Holly Wainwright
«J'ai lu Harriet l'espion par Louise Fitzhugh à l'âge de huit ans. Cela a changé ma vie. Il s'agit d'une petite fille curieuse qui vit à New York – un endroit que je n'avais jamais été; J'ai grandi à Manchester, en Angleterre. Elle vivait dans un appartement avec un portier et avait une nounou. Ses parents sont allés à des événements glamour, mais ce à quoi j'ai raconté, c'est qu'elle était écrivaine et obsédée par le nez dans la vie des autres. Je l'ai lu 10 fois.
Harriet espionne ses voisins, écrit à leur sujet dans son cahier et observe ses amis. Ils le découvrent et sont furieux à ce sujet. Il parle de groupes d'amis; L'une des leçons qu'il m'a appris a été la différence entre ce que vous devriez dire à haute voix et ce que vous ne devriez pas.
Holly Wainwright a lu Harriet the Spy à l'âge de huit ans.

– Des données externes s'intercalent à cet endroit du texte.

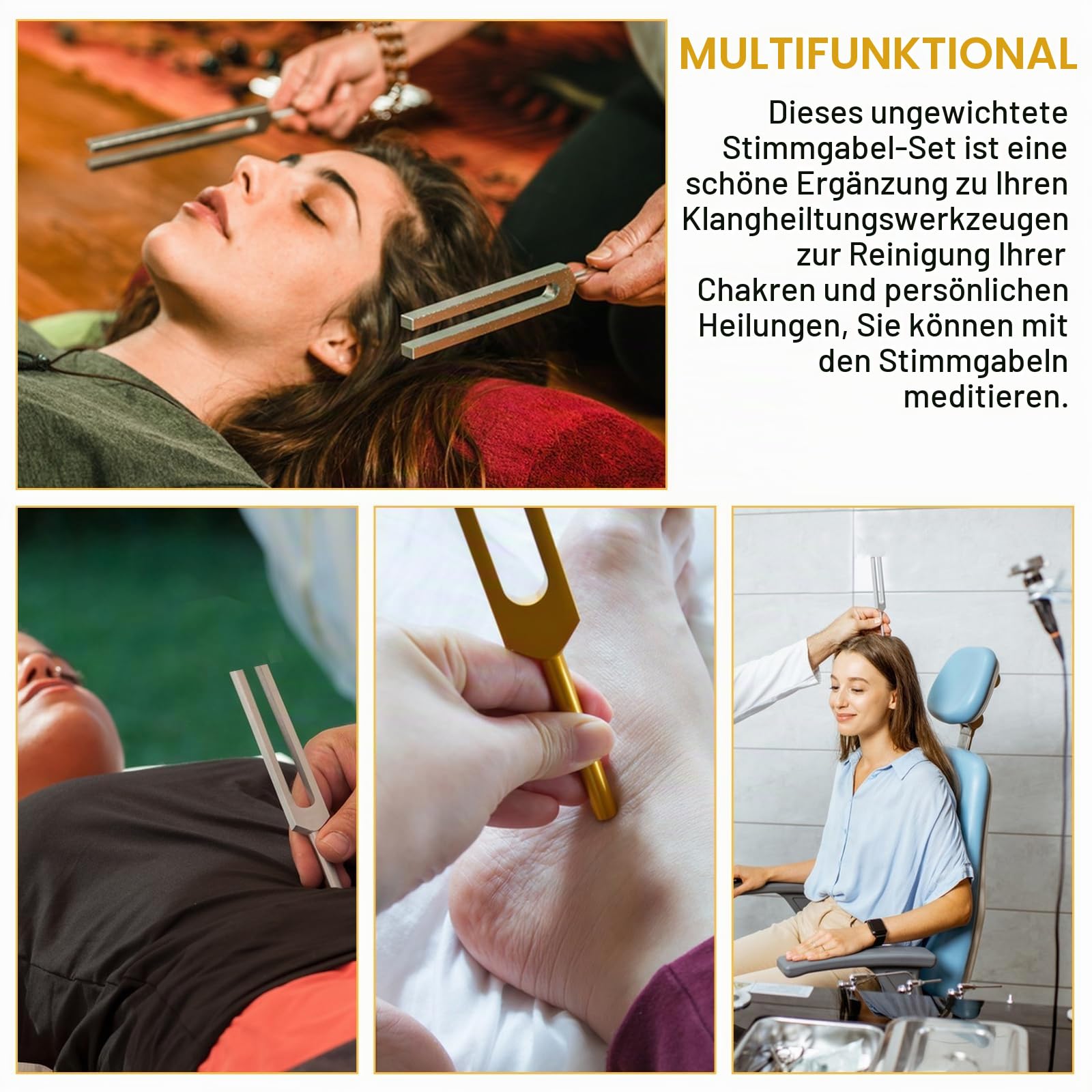 Solfeggio Stimmgabel-Set, 432 Hz, Ungewichtet, Bunt, 10 Stück - Chakra-Musik Mit Geschenkbox Und 2 Gummischlägeln Für Meditation, Klangheilung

J'étais journaliste de magazine pendant des années, puis en ligne. Au cours de ces premières années d'écriture en ligne, vous avez été récompensé pour avoir été brut et brutal, mais cela m'a aussi fait penser à Harriet. Le livre m'a fait réaliser que je n'étais pas le seul enfant à gardé des cahiers; Je me souviens avoir écrit dans mon propre journal, et la façon dont j'ai imaginé le monde était la façon dont j'écris à ce sujet. La nounou de Harriet l'a encouragée à être aventureuse, et je le voulais aussi pour moi.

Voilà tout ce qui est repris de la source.